Yea we all agree fixing this one busy loop is a problem but we don't
agree on where the cpu time blame should go.

> > But *this* feels like duct tape: You've already said there's no
> > guarantee the problem won't also happen during preliminary computation
> > during non-blocking commits or via other drm entry points. So it
> > really does seem like a fix that won't age well. I won't be surprised
> > if in ~3 years (or whatever) in some RHEL release there's a customer
> > bug leading to the real-time thread getting blocklisted for obscure
> > server display hardware because it's causing the session to tank on a
> > production machine.
>
> Yes the atomic ioctl makes no guarantees across drivers and hw platforms
> of guaranteed "we will never violate, you can kill your compositor if you
> do" cpu bound limits. We'll try to not suck too badly, and we'll try to
> focus on fixing the suck where it upsets the people the most.
>
> But there is fundamentally no hard real time guarantee in atomic. At least
> not with the current uapi.

So in your mind mutter should get out of the real-time thread business entirely?

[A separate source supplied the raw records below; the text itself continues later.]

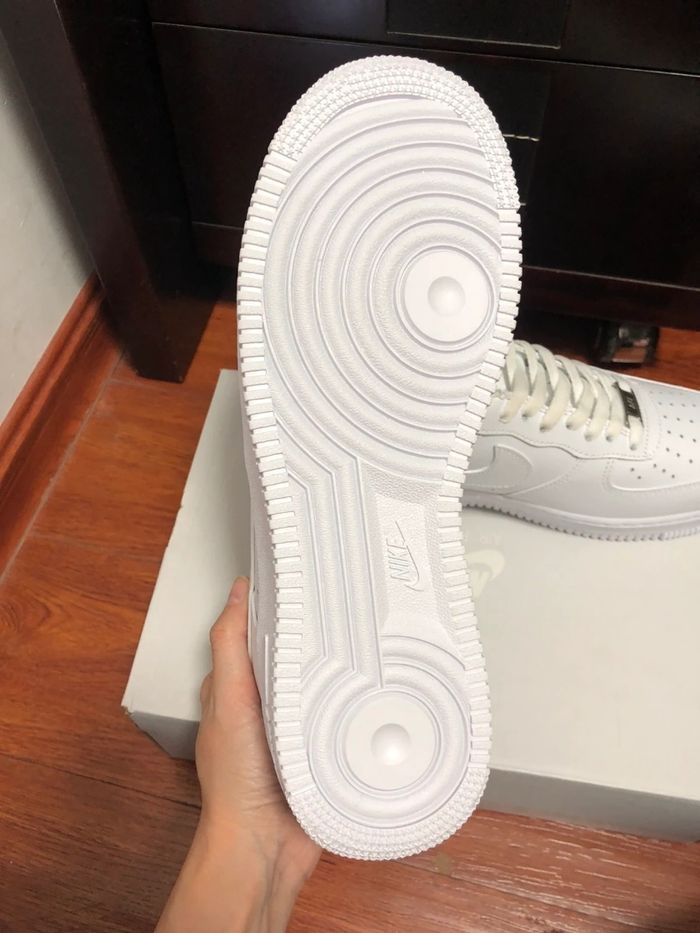 Nouveau Nike Air Force 1 Low Blanc Taille 38 - photo numéro 5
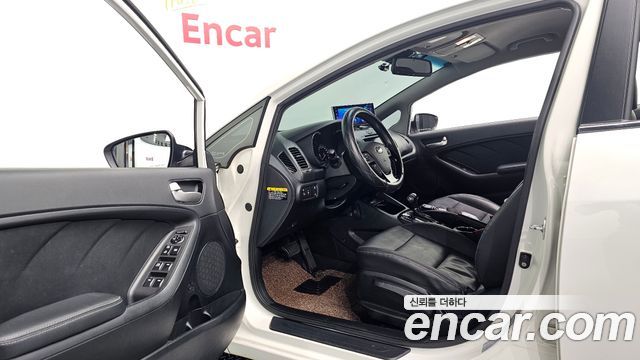 Kia K3 2017 — photo 13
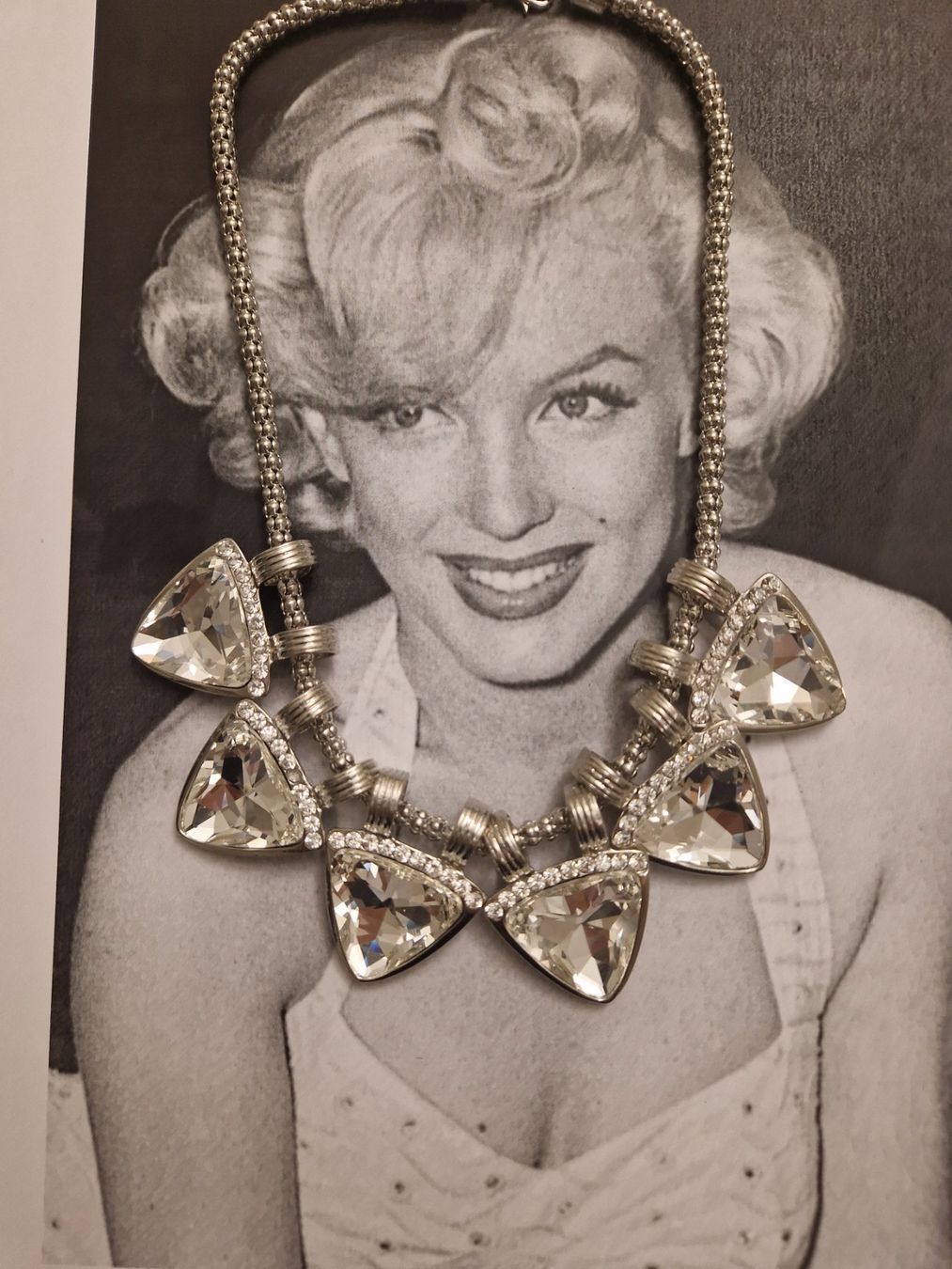 Swarovski Colliers: Statement Kette "Neu – Neuf avec emballage d'origine à Glattbrugg par majuska01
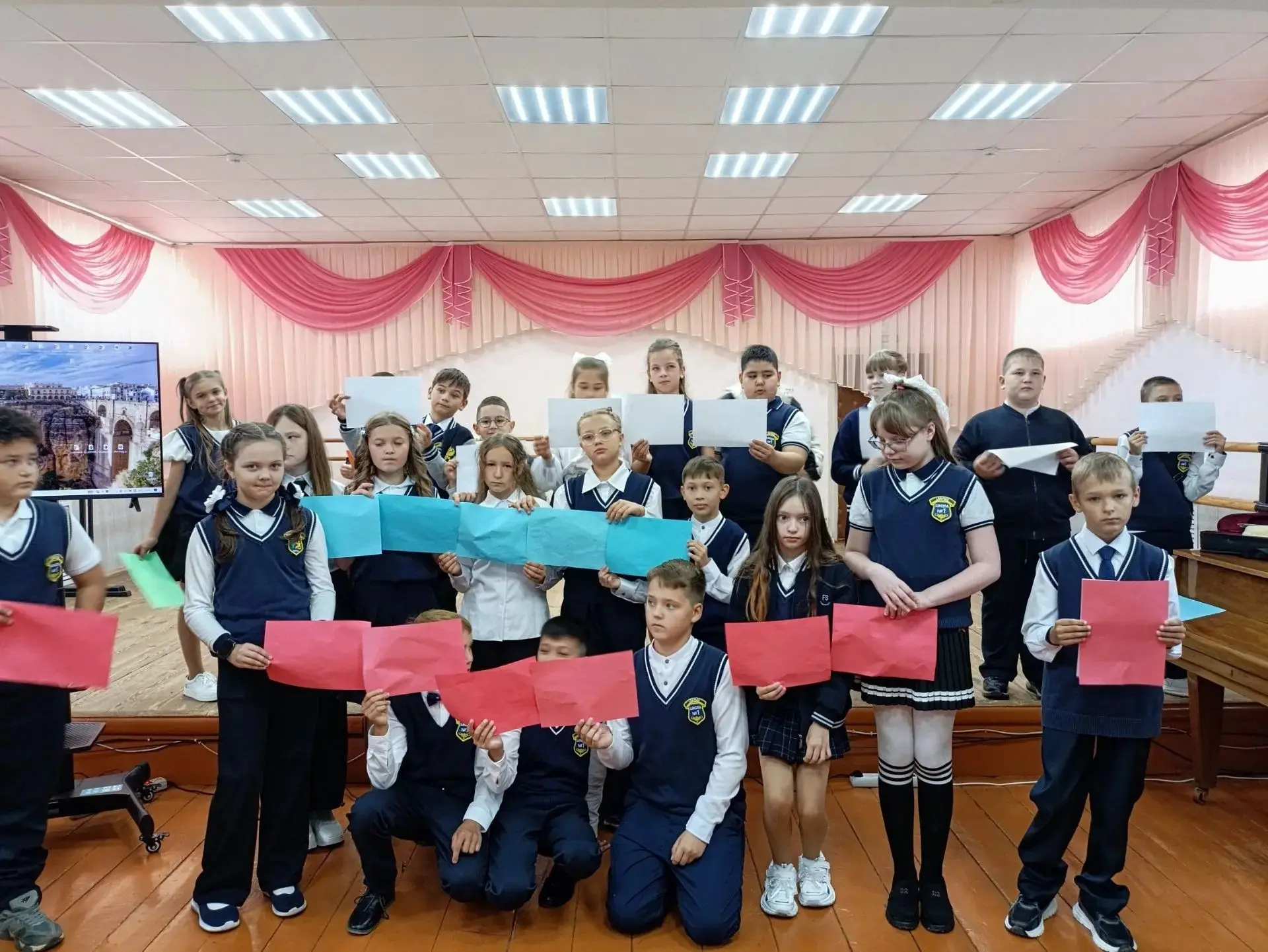Учеников 5 А класса в День Знаний гостеприимно приняли в музыкальной школе и провели ме...
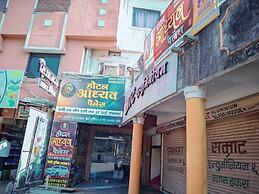 Hotel Aadhyav Palace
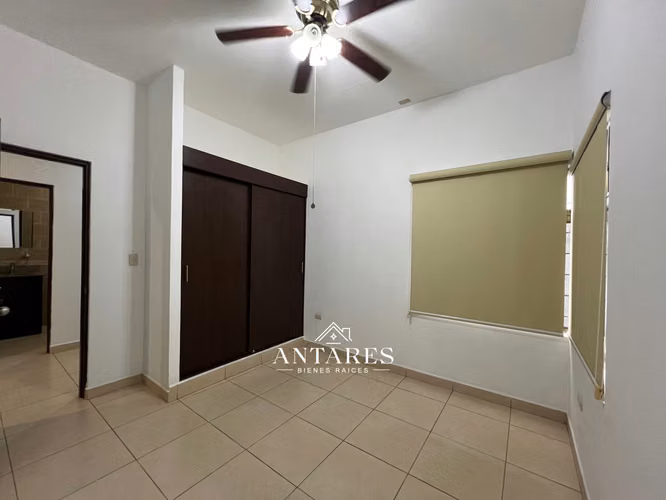 Moderna Casa en Condominio en Veracruz, Ctra. Masaya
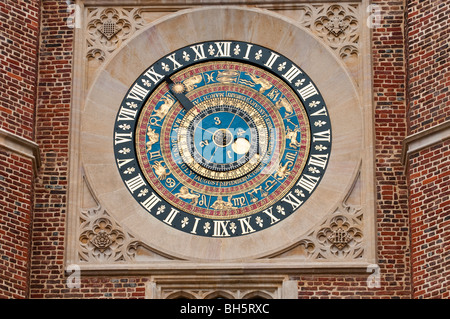 Henry VIII astronomische Uhr in Hampton Court Palace Stockfoto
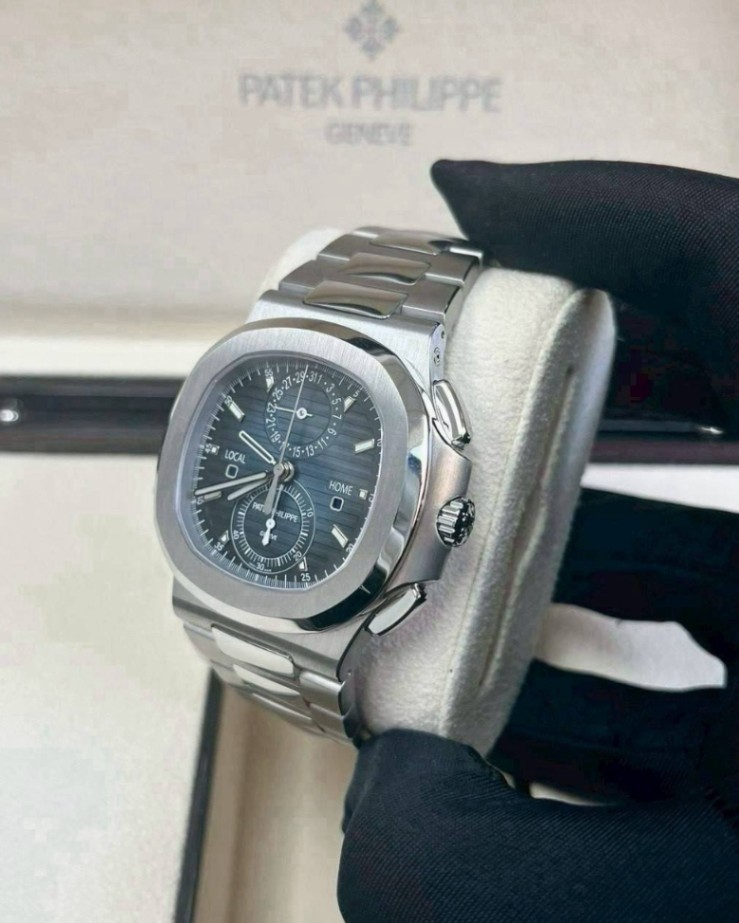 Patek Philippe Nautilus 5990/1A Blue Dial - Image 2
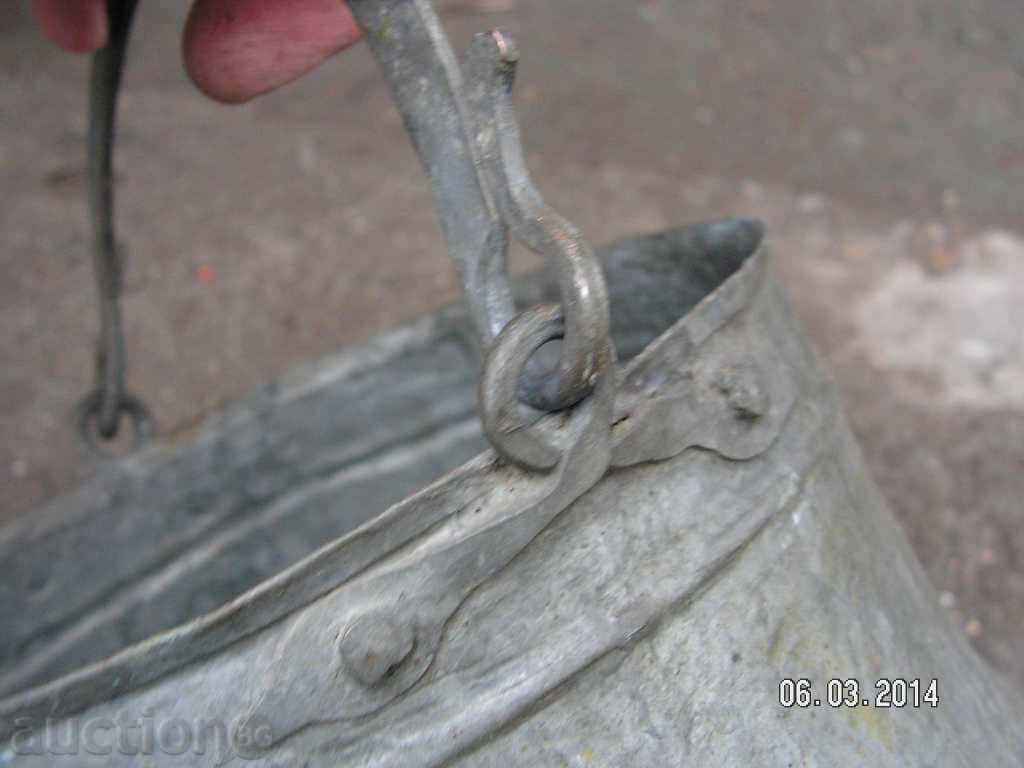 Livrarea 2407. FOARTE batranel HONEY BAKARCHE Bakker aproximativ 2 litri DRA Livrarea 2407. FOARTE batranel HONEY BAKARCHE Bakker aproximativ 2 litri DRA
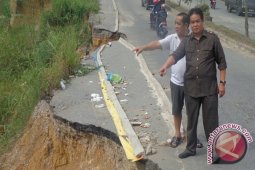 Jalan Poros Samarinda-Kukar Ambles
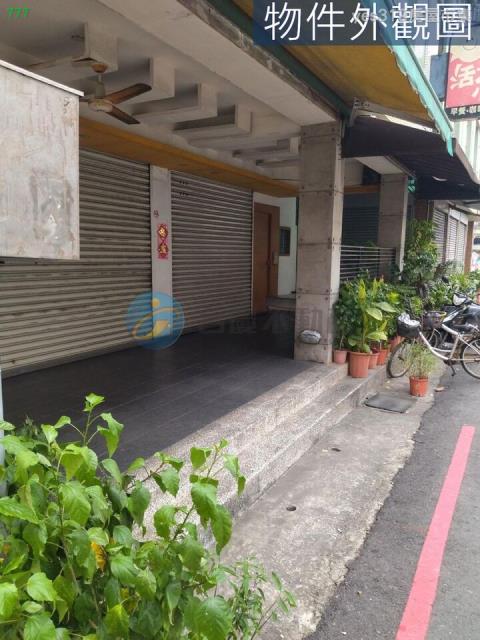 新興區透天-6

> The problem isn't about wasting cpu time. It's about you having set up the
> system in a way so that mutter gets killed if we ever waste too much cpu
> time, ever.

mutter is not set up in a way to kill itself if the driver wastes too
much cpu time,
ever. mutter is set up in a way to kill itself if it, itself, wastes
too much cpu time, ever.
The fact that the kernel is killing it when a kernel driver is wasting
cpu time is the
bug that led to the patch in the first place!

> The latter is flat out not a guarantee the kernel currently makes, and I
> see no practical feasible way to make that happen. And pretending we do
> make this guarantee will just result in frustrated users filling bugs that
> they desktop session died and developers closing them as "too hard to
> fix".

I think all three of us agree busy loops are not nice (though maybe we
aren't completely aligned on severity). And I'll certainly concede
that fixing all the busy loops can be hard. Some of the cpu-bound code
paths may even be doing legitimate computation.  I still assert that
if the uapi calls into driver code that might potentially be doing
something slow where it can't sleep, it should be doing it on a
workqueue or thread. That seems orthogonal to fixing all the places
where the drivers aren't acting nicely.

> Maybe as a bit more useful outcome of this entire discussion: Could you
> sign up to write a documentation patch for the atomic ioctl that adds a
> paragraph stating extremely clearly that this ioctl does not make hard
> real time guarantees, but only best effort soft realtime, and even then
> priority of the effort is focused entirely on the !ALLOW_MODESET case,
> because that is the one users care about the most.

I don't think I'm the best positioned to write such documentation. I
still think what the kernel is doing is wrong here and I don't even
fully grok what you mean by best effort.

--Ray